Our actions are guided by what we tell ourselves we can do.
Sometimes, we use affirmations to breakdown what society has encoded in us, through gender essentialism or racist structures, and recode what we believe we're capable of. Sometimes, we use affirmations to help us feel better, or do more, or simply to remember to pick up laundry detergent.
These affirmations appear as morning mantras, or in browser extensions, software, and specially structured journals. Often they show up as post it notes, stuck to your bathroom mirror, effective because they are persistently in view, telling you:
You are beautiful.
You got this.
Audrey's dinner party 12/20
The amazon dash is a pinnacle of modern web design. It's one of the most intrusive, complex, and resource-dependent devices we've introduced into our homes, yet it appears as a simple oval with a single button for a single use. The use is absurdly narrow: the button will have a picture of Tide detergent, and when you press the button, Tide detergent is sent to your door.

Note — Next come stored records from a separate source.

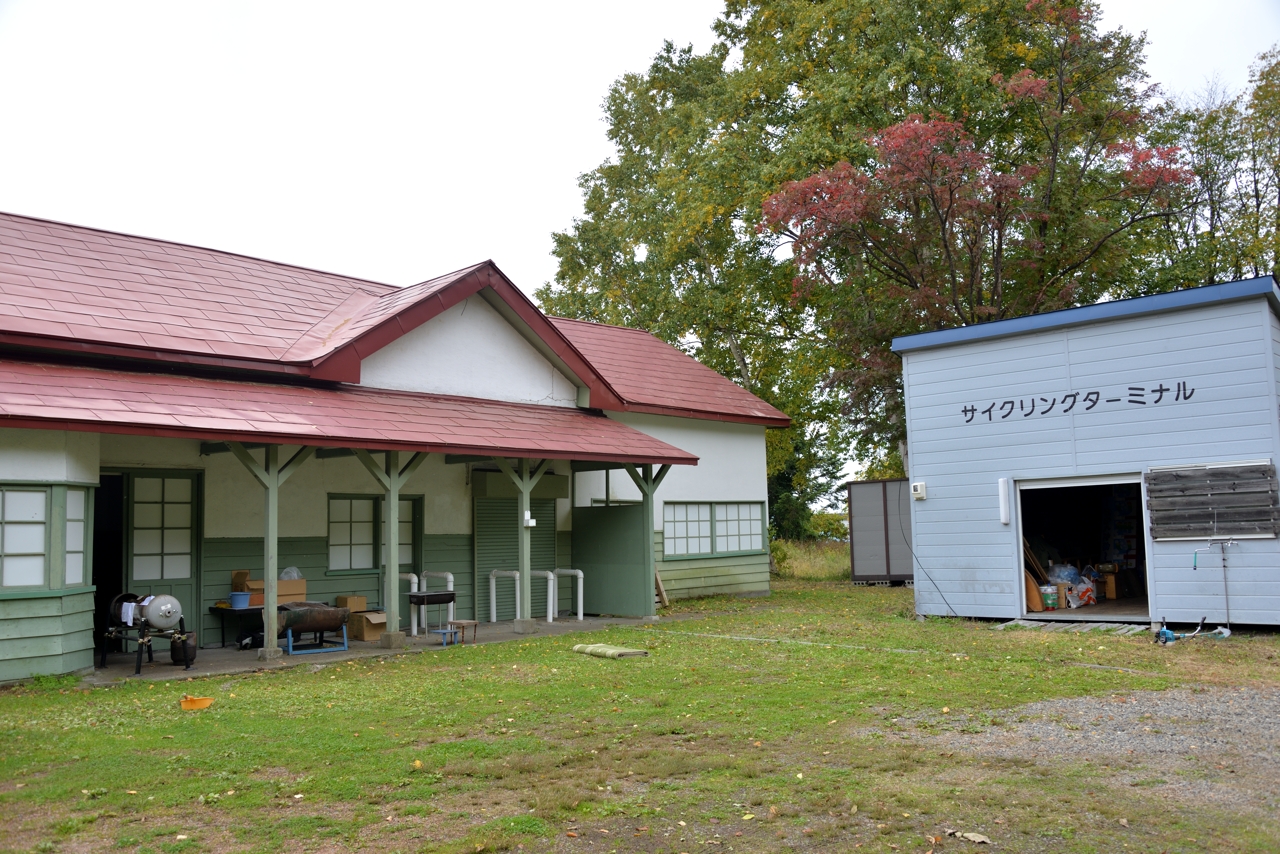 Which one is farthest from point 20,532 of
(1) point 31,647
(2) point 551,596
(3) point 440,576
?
(2) point 551,596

Now, for this to actually function the dash needs access to your wireless network, your amazon credentials, your credit card, your home address, and a shipping network to send that detergent to you. Amazon gets a lot out of this: they ensure brand loyalty to both the licensed detergent and Amazon, they can do behavioral economics through algorithmically adjusted prices to see what you're willing to spend, and they have incredible marketing data for the frequency of your purchases and how this correlates to your income, family status, location, and online profile. They can sell the results of all this data for a profit far above the profit they're already making on the detergent.
You get something out of this exchange too, beyond the detergent. Every time you open the cabinet, see that you're low on detergent, then see the dash button attached to the wall like a post-it note, you get the persistent affirmations:
Yes, I don't have time to go shopping.
Yes, I don't want to leave the house.
Yes, shopping was a tedious bore anyway.
By hiding the technical processes, and simplifying the onboarding and engagement of their services, Amazon can continually reinforce your depression for a profit--- and you can get name-brand laundry detergent faster.